A friend of mine has a theory that women make poor drummers because they don’t have the same rigid sense of rhythm that men do. And maybe that’s right; maybe the trick, the difficulty, is all in the rhythm after all.
As summer ended I found that the thing which had initially given me comfort had become something that felt safe, which is exactly the opposite of what rock should be. Let’s face it. I didn’t want a steady beat and a scrawny 20-something boy whining about the hot girl who had snubbed him. I wanted a different rhythm and a different song.
3.
I don’t usually go in for militant feminism. I always thought that the purest and nicest form of it was just live your life, so I’ve mostly tried to do that. I can vote and earn enough money to support myself. All I need is to be happy and I can be happy the way things are, mostly, most of the time.

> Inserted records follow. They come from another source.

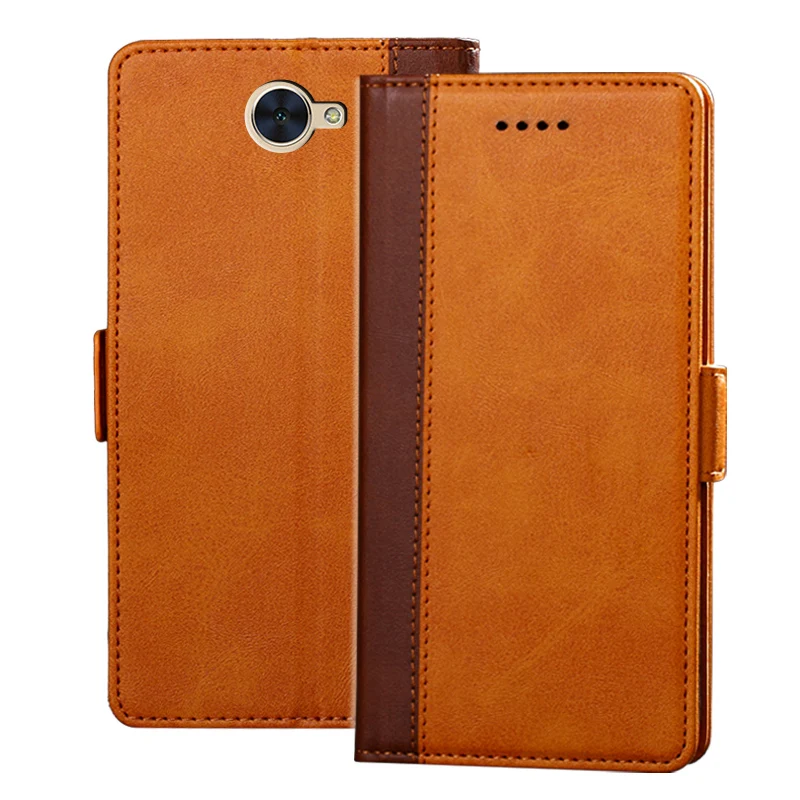 

Luxury PU Leather Flip Case For Huawei Y7 2017 5.5 inch Wallet Stand Leather Case Cover On Huawei Y7 2017 5.5 inch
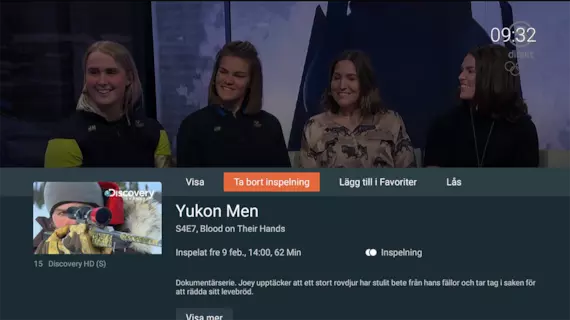 Ta bort inspelning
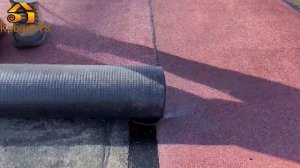 Кровля гаража в 1 слой, наплавляемые материалы Технониколь.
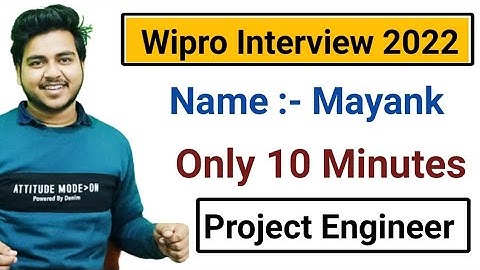 WIPRO ELITE 2022 | Wipro Interview Experience | Mayank | Coding Question | Interview Preparation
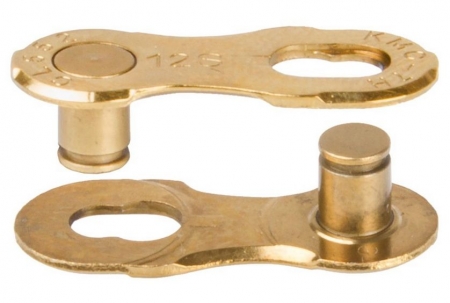 spojka řetězu KMC 11kolo 1/2x11/128 zlatá 2 kusy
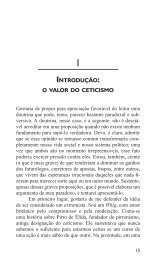 INTRODUÇÃO: O VALOR DO CETICISMO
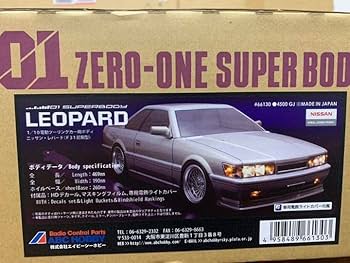Amazon.co.jp: ABCホビー ニッサン レパード 110 ラジコンボディ rc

But I think I’ve figured out that thing about Little Fish - the thing, the thing that’s really hard to describe even when you’ve seen it - is that there’s a woman standing there with a guitar and a voice that gives you chills. And that feels good.
Juju herself is tiny - svelte, handsome, understated. And then you see her perform, and it’s like a much prettier version of what happens to Bruce Banner when he becomes The Hulk. A total transformation, a metamorphosis. I’m convinced the earth actually starts spinning faster.
In the end it’s not that it matters, particularly, that she’s a woman. It’s that it matters how many performers are not. The other day we went to a screening of a film about the Oxford music scene. Oxford is a small city that’s produced some big acts. Little Fish is also a product of this environment. And yet in two hours of footage (covering a span of thirty years), we saw just two woman-fronted Oxford bands.
I don’t know why this is and I don’t even think I particularly care. I just know that Little Fish never sounds safe to me. They sound unhinged, in a good way. When I watch them perform I feel something, and it isn’t just lust for a sexy frontman or pain as an overenthusiastic fan jumps up and down on my foot.
It’s about the energy. When you see Little Fish perform it’s like watching an element come into being, like being present at the birth of the universe, seeing the stars rearrange themselves, the planets scatter and shift.
If only 14-year-old me had any idea that this sort of thing was out there.